00000069b517cf07c79124fae6ebd0d8 1. The effect of "widespread dud" targets two face up attack position monsters on the field.
0000006dce3b7c10a6ad25736c173506 Capital Gains tax on the sale of properties for non-residents is set at 21% for 2014 and 20% in 2015 payable on profits earned on the difference of the property value between the year of purchase (purchase price plus costs) and the year of sale (sales price minus costs), based on the approved annual percentage increase on the base value approved by law.
To generate the final parallel dataset the edits in edit.tsv*
have to be
applied to the sentences in target_sentences.tsv*
:
python c4200m_make_sentence_pairs.py target_sentences.tsv-00000-of-00010 edits.tsv-00000-of-00010 sentence_pairs.tsv-00000-of-00010
The parallel data is written to sentence_pairs.tsv*
:
$ head -n 3 sentence_pairs.tsv-00000-of-00010
Bitcoin is for $7,094 this morning, which CoinDesk says. Bitcoin goes for $7,094 this morning, according to CoinDesk.
The effect of widespread dud targets two face up attack position monsters on the field. 1. The effect of "widespread dud" targets two face up attack position monsters on the field.
tax on sales of stores for non residents are set at 21% for 2014 and 20% in 2015 payable on sales tentatively earned from the difference of the property value some time of purchase (price differences according to working time) and theyear to which sale couples (sales costs), based on the approved annual on the base approved by law). Capital Gains tax on the sale of properties for non-residents is set at 21% for 2014 and 20% in 2015 payable on profits earned on the difference of the property value between the year of purchase (purchase price plus costs) and the year of sale (sales price minus costs), based on the approved annual percentage increase on the base value approved by law.
Again, repeat for the remaining nine shards.
In our BEA 2024 paper we introduced variants of our original English dataset in German, Spanish, Romanian, and Russian. The multilingual datasets are generated with the same recipe, but you need to provide the language ID to c4200m_get_target_sentences.py
:
python c4200m_get_target_sentences.py multilingual/ro.tsv ro.target_sentences.tsv ro &> ro.get_target_sentences.log
The entry point to the multilingual annotation toolkit is annotate.py
:
$ echo -e "I goed to the storr.\tI went to the store." | python3 -m merrant.annotate
S I goed to the storr.
A 2 6|||R:VERB:INFL|||went|||REQUIRED|||-NONE-|||0
A 14 19|||R:SPELL|||store|||REQUIRED|||-NONE-|||0
The corruption edits in this dataset are licensed under CC BY 4.0.
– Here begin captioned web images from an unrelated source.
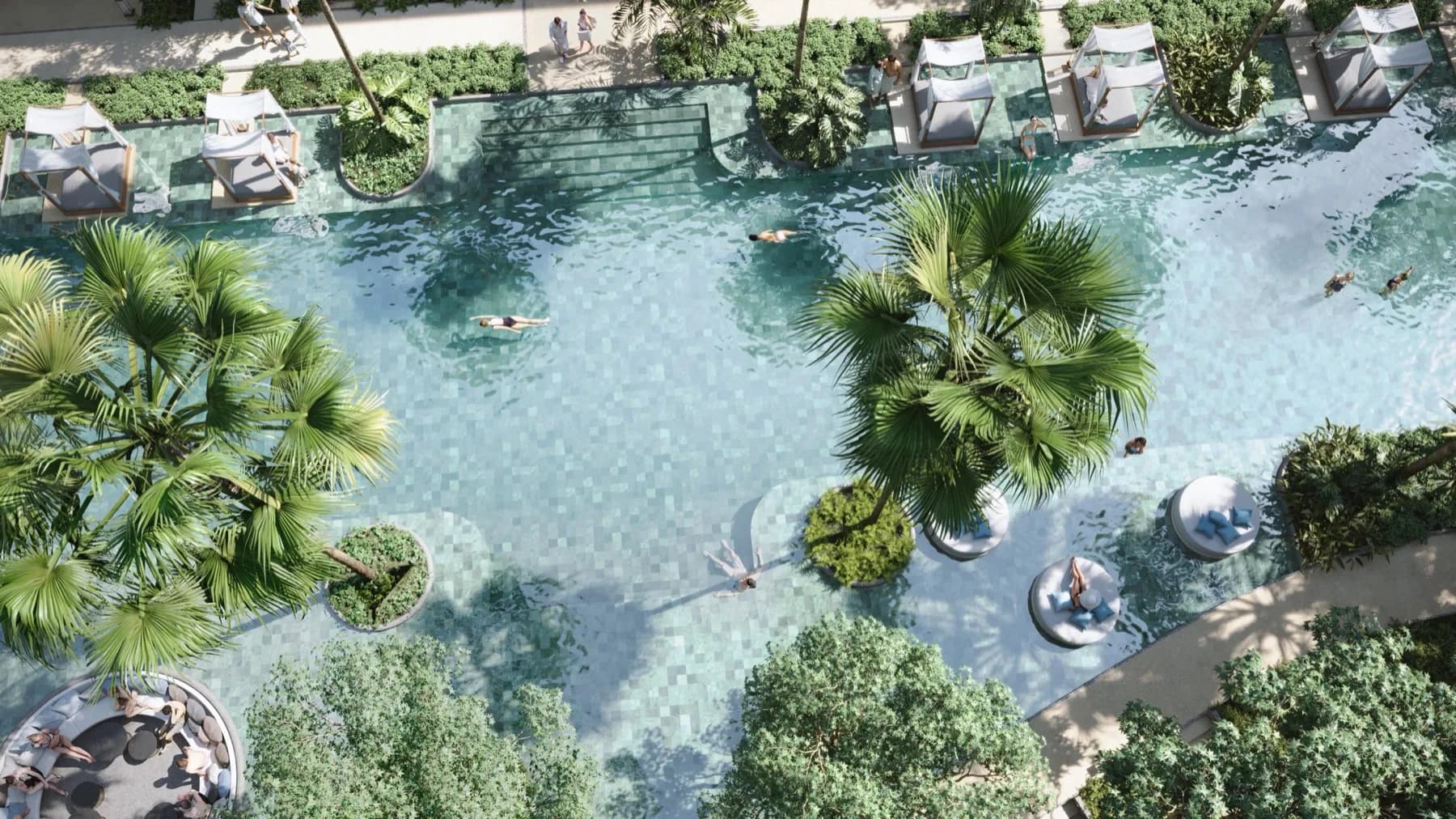 Sudara Residences Phase 1 gallery 16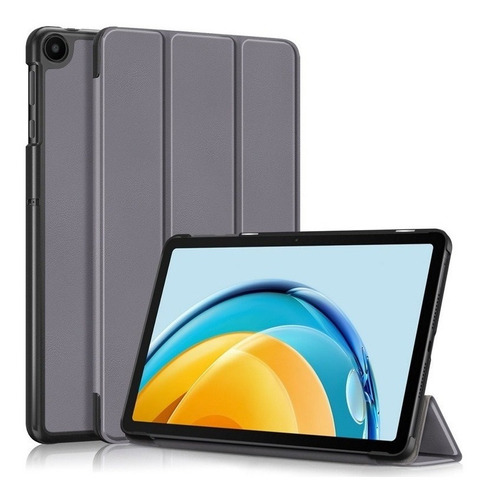 Funda Para Tablet Huawei Matepad Se 10.4-inch 2022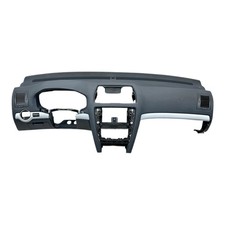 Armaturenbrett Schalttafel Armaturentafel Skoda Octavia 1Z Onyx 1Z1857007CG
If you found this dataset useful, please cite our papers:
Original English dataset (BEA 2021 paper):
@inproceedings{stahlberg-kumar-2021-synthetic,
title = "Synthetic Data Generation for Grammatical Error Correction with Tagged Corruption Models",
author = "Stahlberg, Felix and Kumar, Shankar",
booktitle = "Proceedings of the 16th Workshop on Innovative Use of NLP for Building Educational Applications",
month = apr,
year = "2021",
address = "Online",
publisher = "Association for Computational Linguistics",
url = "https://www.aclweb.org/anthology/2021.bea-1.4",
pages = "37--47",
}
Multilingual dataset in German, Spanish, Romanian, and Russian (BEA 2024 paper):
@inproceedings{stahlberg-kumar-2024-synthetic,
title = "Synthetic Data Generation for Low-resource Grammatical Error Correction with Tagged Corruption Models",
author = "Stahlberg, Felix and
Kumar, Shankar",
booktitle = "Proceedings of the 19th Workshop on Innovative Use of NLP for Building Educational Applications (BEA 2024)",
month = jun,
year = "2024",
address = "Mexico City, Mexico",
publisher = "Association for Computational Linguistics",
url = "https://aclanthology.org/2024.bea-1.2",
pages = "11--16",
}
This is not an officially supported Google product.